Please write out exactly the lines from the one with "Conjunto de Legos Antigos" through the end of the data below, both ends included, and omit any pictures.

*** PROVIDED DATA

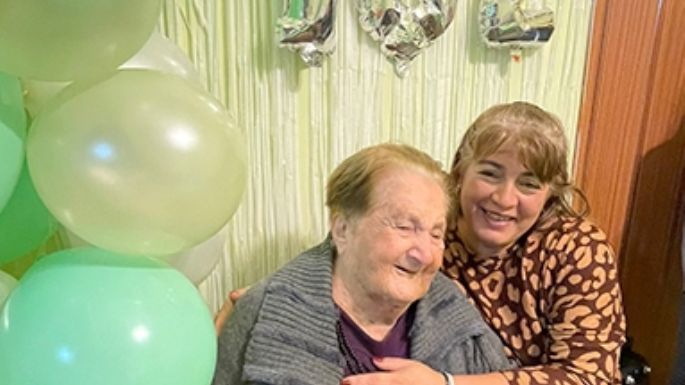 Los 102 de Rosa, una mujer que ama a sus vecinas y a su barrio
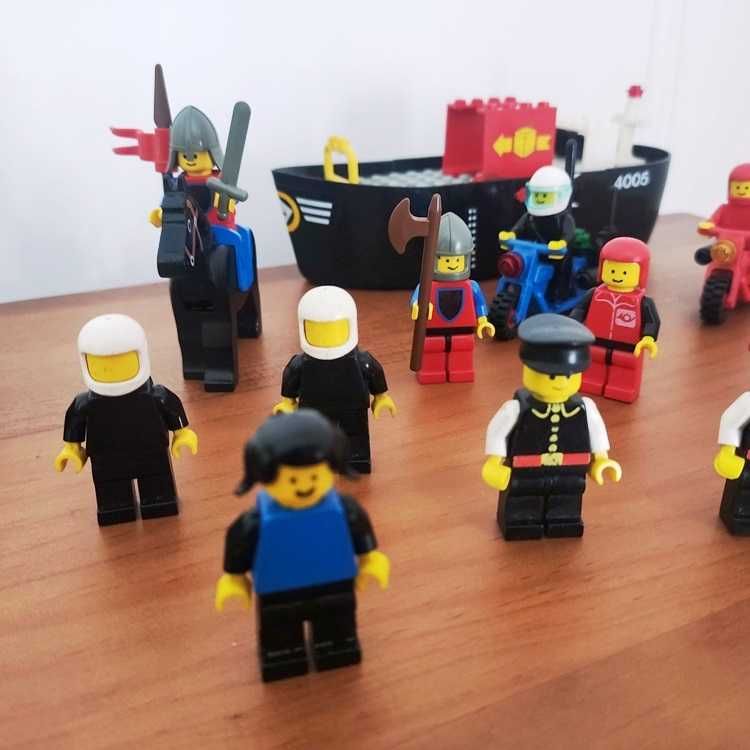 Conjunto de Legos Antigos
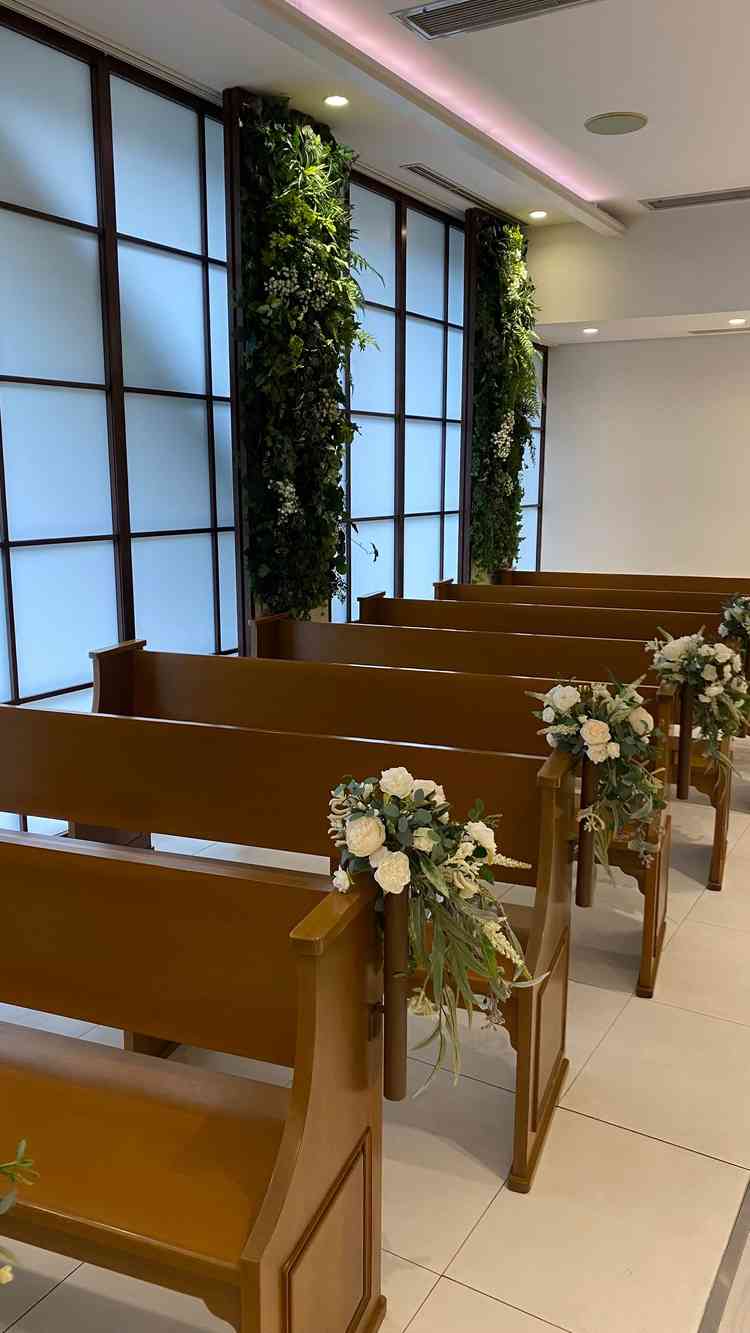 地下の挙式会場。自然光は入らないが、真ん前の大きな緑は生花を使っており、水の音も少し聞こえてくる。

******

SOLUTION FOR THIS PROBLEM —
 Conjunto de Legos Antigos
 地下の挙式会場。自然光は入らないが、真ん前の大きな緑は生花を使っており、水の音も少し聞こえてくる。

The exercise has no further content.